The technical committee was asked to enquire, investigate and determine whether the Pegasus suite of spyware was used on phones or other devices of Indian citizens to access stored data, eavesdrop on conversations, intercept information and/or for any other purposes and whether the Pegasus suite of spyware was acquired by the Indian government, or any state government, or any central or state agency for use against the citizens of India?

Task Ahead For The Technical Committee

The Technical Committee has recorded statements of a dozen experts and petitioners, including Anand Venkatanarayanan, former journalist Sashi Menon, cybersecurity expert Sandeep Shukla, N Ram, Siddharth Varadarajan and MP John Brittas.

Sashi Menon in his submission stated, “One of the concerns is that autocracies or totalitarian regimes naturally shop for this malware because it helps them to spy on their own citizens, not necessarily for national security but to cover their own insecurities.
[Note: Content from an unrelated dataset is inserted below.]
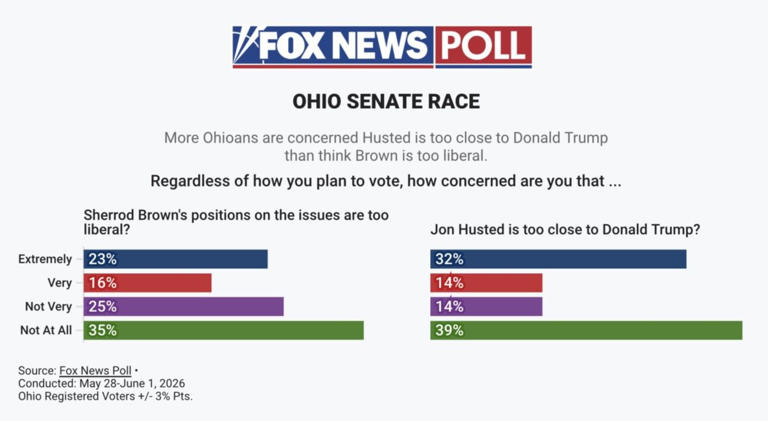 New Fox News poll shows GOP senator trailing Democrat in state Trump ...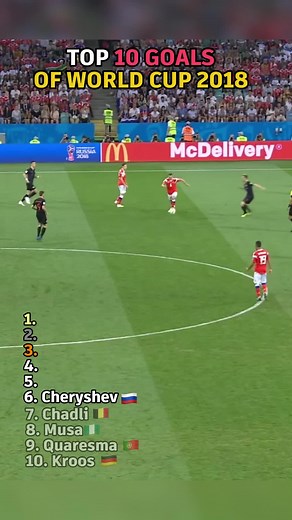 Top 10 Goals of World Cup 2018 Part 2 #football #foryour #top10 #goals #goal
The disturbing trend that is emerging is that democracies which otherwise may not need to equip themselves with this kind of intelligence might resort to it to bypass the systems that are in place.”

The Technical Committee has published two public notices on January 2, 2022, and February 3, 2022, requesting people to submit their phones/data which Pegasus seemingly infected.

So far, the Technical Committee has met with partial success. Many people who initially claimed that their phones were infected with Pegasus have not submitted their phones citing the possibility of their PII (Personal Identifiable Information) data breach. A special National Investigation Agency (NIA) Court, on February 8, 2022, allowed NIA to submit mobile phones of seven accused in the Elgar Parishad-Maoist case to the Supreme Court-appointed technical committee looking into the Pegasus issue.

According to forensic analysis, one of the accused in the case, Rona Wilson’s smartphone was infiltrated via the Pegasus spyware a year before his arrest in the Elgar Parishad case in 2018. A lawyer representing one of the accused had requested the phones to be submitted to the Technical Committee.

The committee will also enquire about the NSO Group about its dealings with the Indian government.

Amid international pressure, there are chances that the NSO Group may have to stop selling Pegasus or even shut down its shop. However, one might ask if the damages can ever be truly undone?